Keep in mind that any exclusive license that conveys all substantial rights in an invention is in effect an assignment–so, any exclusive license to make, use, and sell assigns the invention. The NIH fails to present the importance of this requirement, while at the same time garbling it. More:

Recipients that are non-profit organizations must request NIH approval for the assignment.

Only if not to an invention management firm.

If the assignment is approved and the rights are assigned to a third party, invention and patent reporting requirements apply to the third party.

Well, the nonprofit patent rights clause applies, and with it the reporting requirements.

The recipient should review existing agreements with third parties and revise them, as appropriate, to ensure they are consistent with the terms and conditions of their NIH grant awards and that the objectives of the Bayh-Dole Act are adequately represented in the assignment.

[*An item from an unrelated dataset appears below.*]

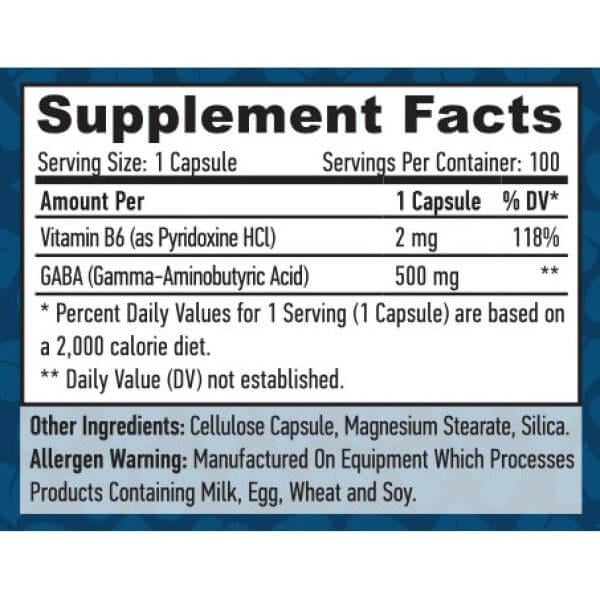 Аминокомплекс Haya Labs Gaba + B6 500 мг 100 веганских капсул (000020315) - фото 2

“Revise them” is light-hearted. Try “renegotiate, if possible.” The last bit, however, is very strange: “that the objectives of the Bayh-Dole Act are adequately represented in the assignment.” On the one hand, this makes some sense–the policy and objective of Bayh-Dole (35 USC 200) appears to form a public covenant that runs with subject inventions so that they are not ordinary inventions and patents on them are not ordinary patents, regardless of who owns the inventions, once a contractor has come to own them. Thus, it makes for good practice to provide notice of this covenant when assigning an invention. On the other hand, however, this advice makes little sense. The requirement in the patent rights clause is to require the assignee to be subject to the same provisions as the assignor. The objectives of the Bayh-Dole Act are not expressly made a part of those provisions. The requirement is to make the assignee comply with the nonprofit patent rights clause. The obligation to comply with Bayh-Dole’s public covenant is a matter of federal patent law. There is no need to adequately represent patent law in any assignment. Patent law can stand on its own.

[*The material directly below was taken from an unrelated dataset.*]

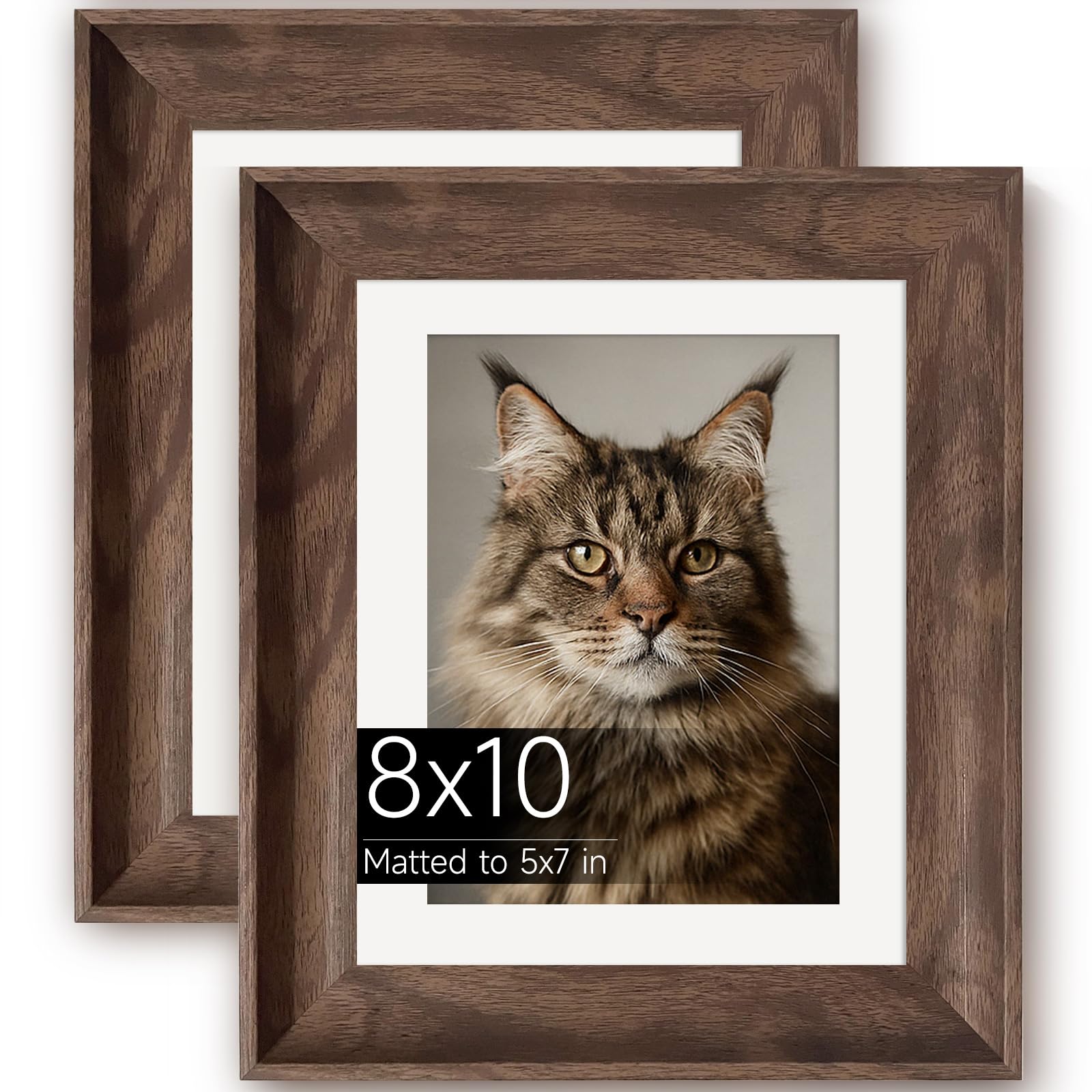 KoyanKo 8x10 Picture Frame Set of 2, Woodgrain Style Display Pictures Frames 5x7 with Mat or 8x10 Picture Frames Without Mat, Wall Hanging Display or Tabletop Photo Frames, Brown Coffee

Any invention made using funds awarded for educational purposes, e.g. fellowships, training grants or certain types of career development awards, is not considered a subject invention and therefore is not subject to invention reporting requirements (as provided in 45 CFR 75 and 37 CFR 401.1(b)). The recipient should seek the advice of NIH to verify whether any invention made under a career development award should be considered a subject invention.

Bayh-Dole (35 USC 212) forbids federal agencies from having an interest in inventions made in awards primarily for educational purposes. Such awards are still funding agreements, and any inventions made are still subject inventions. It’s just that provisions under which the government could request title or require a license don’t operate. The NIH might disclaim that these inventions are subject inventions–but they are, according to the definitions–but only when a contractor comes to own them. The NIH can say that these subject inventions are not subject to the standard patent rights clause’s reporting requirements, but that’s not how the standard patent rights clause reads. We might say that despite the effort to create a “uniform” policy, the NIH here ruins that effort by making up its own policy, despite the standard patent rights clause. Given that there is no requirement in Bayh-Dole for any agency to enforce the standard patent rights clause, the NIH just exploits the freedom (shall we call it) of Bayh-Dole. Uniform smuniform.